Note that Windows does not implement Unix signals, neither in the kernel nor in the API. Within a process, each C runtime library (there may be multiple) emulates the six ‘signals’ that are required by standard C, including SIGABRT and SIGTERM for use with raise(); SIGFPE, SIGILL, and SIGSEGV based on an OS exception handler; and SIGINT and non-standard SIGBREAK based on console control events.

Console sessions support a small set of control events, including an event for Ctrl+C and an event for Ctrl+Break. Handlers for console control events are always called on a new thread. The CRT registers a console control handler that maps the Ctrl+C and Ctrl+Break events to SIGINT and SIGBREAK. By default this handler just chains to the next control-event handler, which is usually the default handler that calls ExitProcess().

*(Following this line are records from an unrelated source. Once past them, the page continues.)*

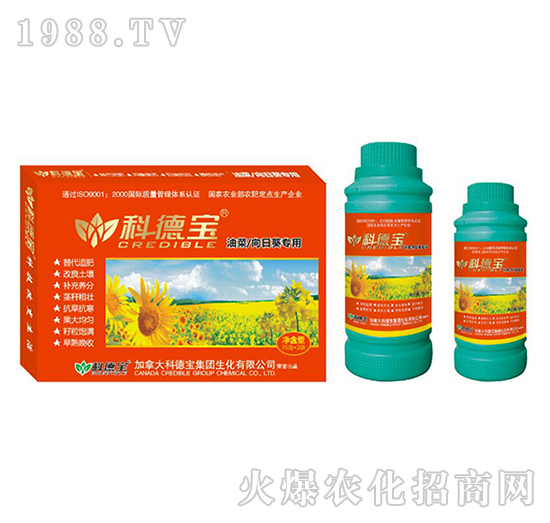 �Ͳ������տ����àI�B(y��ng)���a(ch��n)�{(di��o)�턩-�Ƶ�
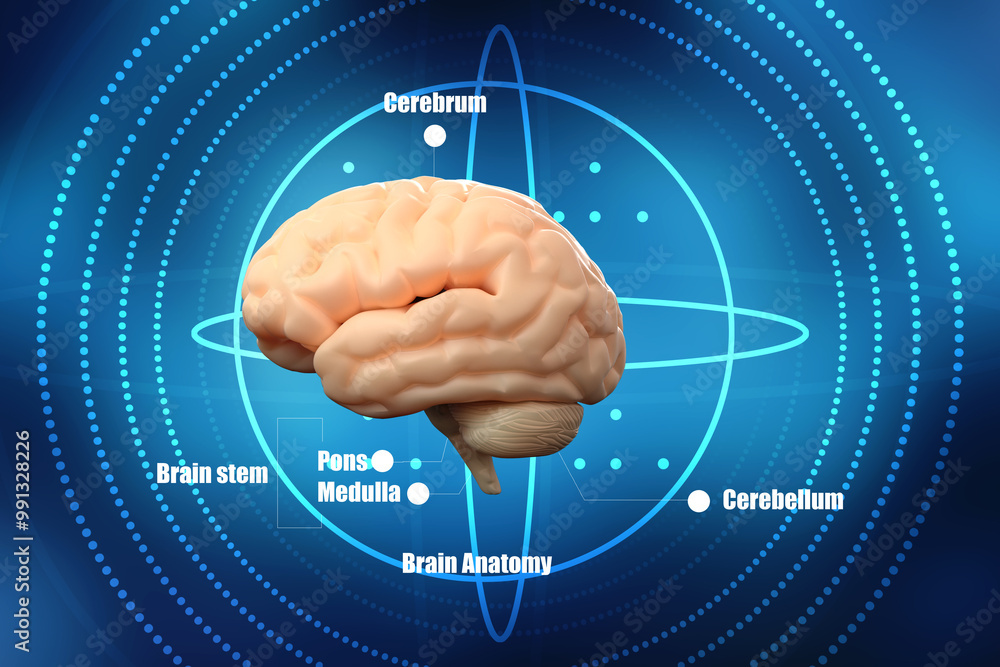 Fototapeta premium 3d illustration Human health brain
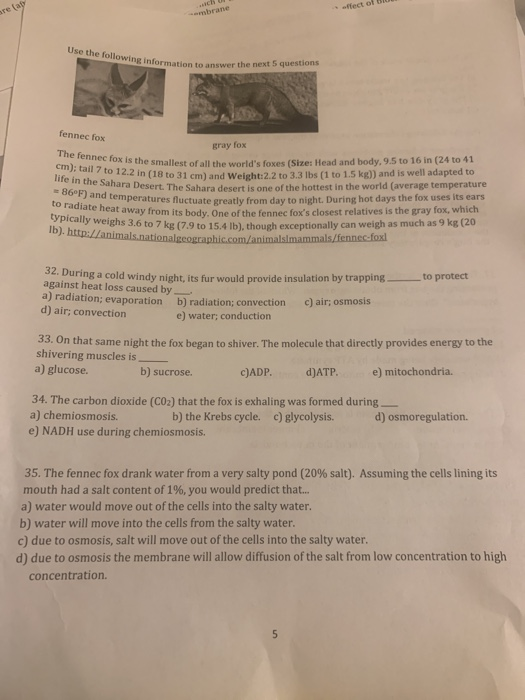effect of Use the following ng information to answer the next 5 questions fennec forx gray fox he fennec fox is the smallest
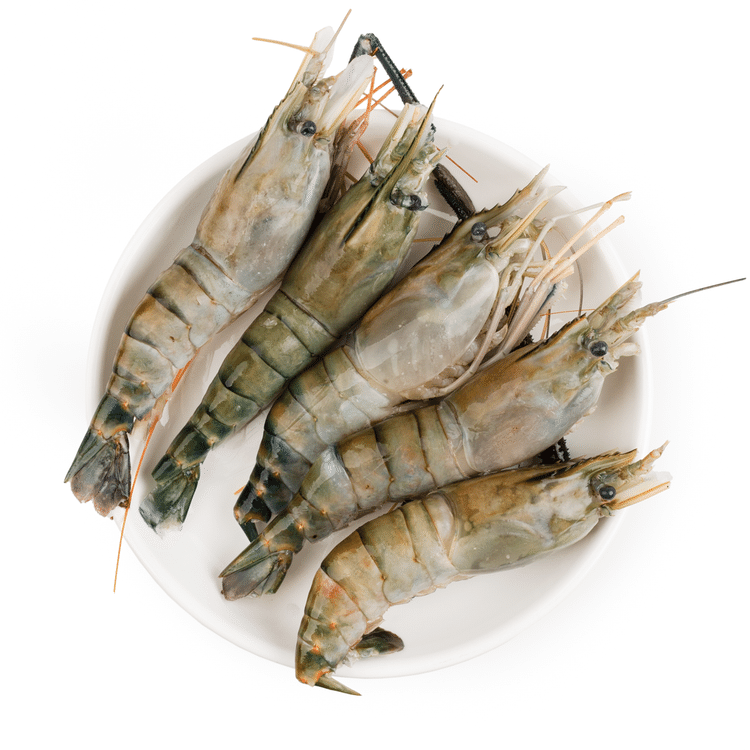 Get Fresh Water Shrimp 4-6ct, Frozen 2 lb Delivered | Weee
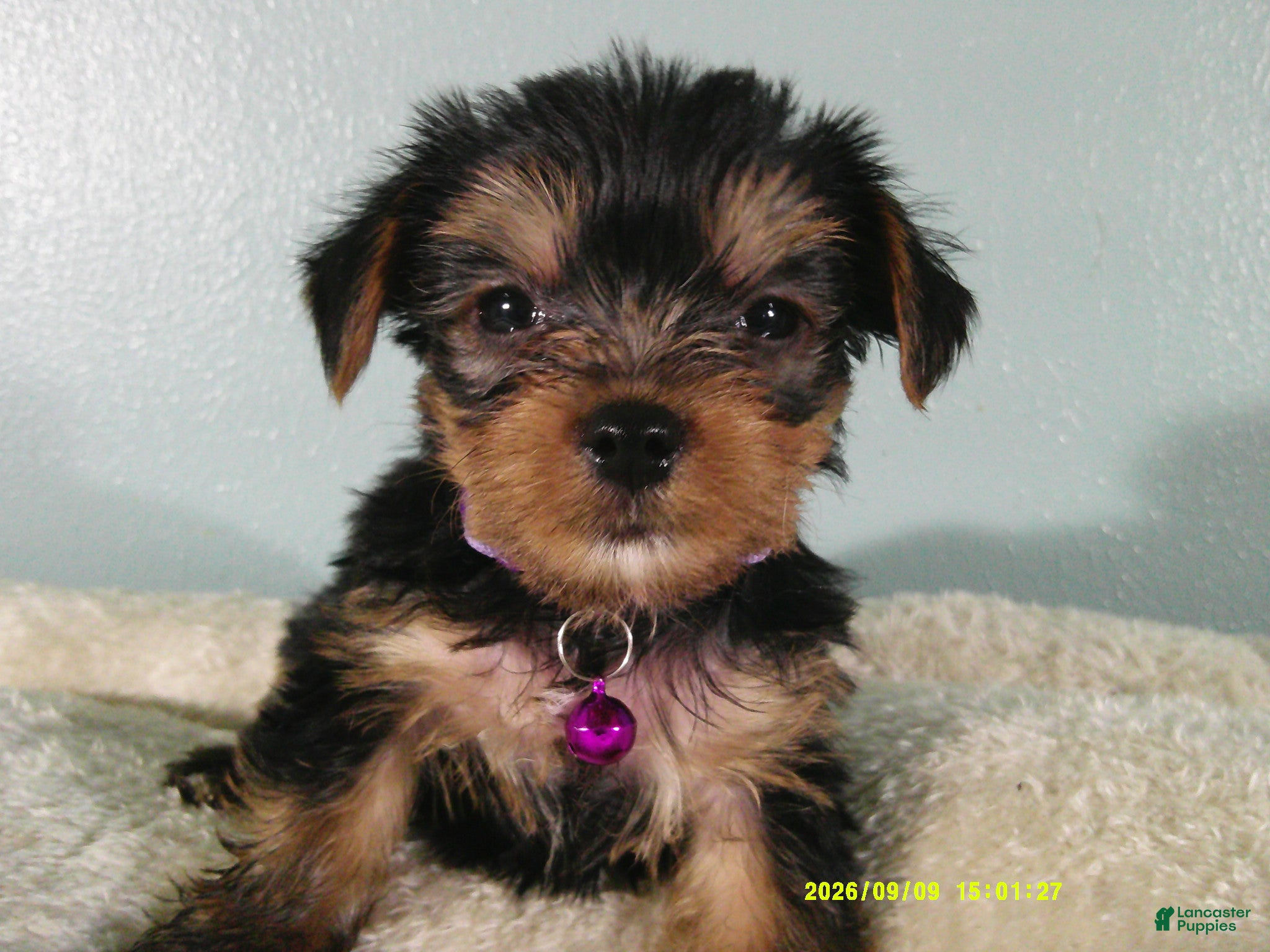Yorkshire Terrier dogs Willow-Purple - Ad 1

Python supports the C runtime’s emulated ‘signals’ on Windows via the signal module. Initially it registers a handler for SIGINT only, and it leaves SIGBREAK set to the default handler (i.e. SIG_DFL). Python’s C signal handler gets called on the console control-event thread. It simply sets a flag to let the interpreter know that a ‘signal’ was received. The registered handler at the Python level is always called on the main thread. If the main thread is blocked (e.g. waiting to join() another thread, or doing a synchronous I/O read() that blocks such as reading from a pipe), then the ‘signal’ for SIGINT or SIGBREAK won’t be handled until the main thread resumes.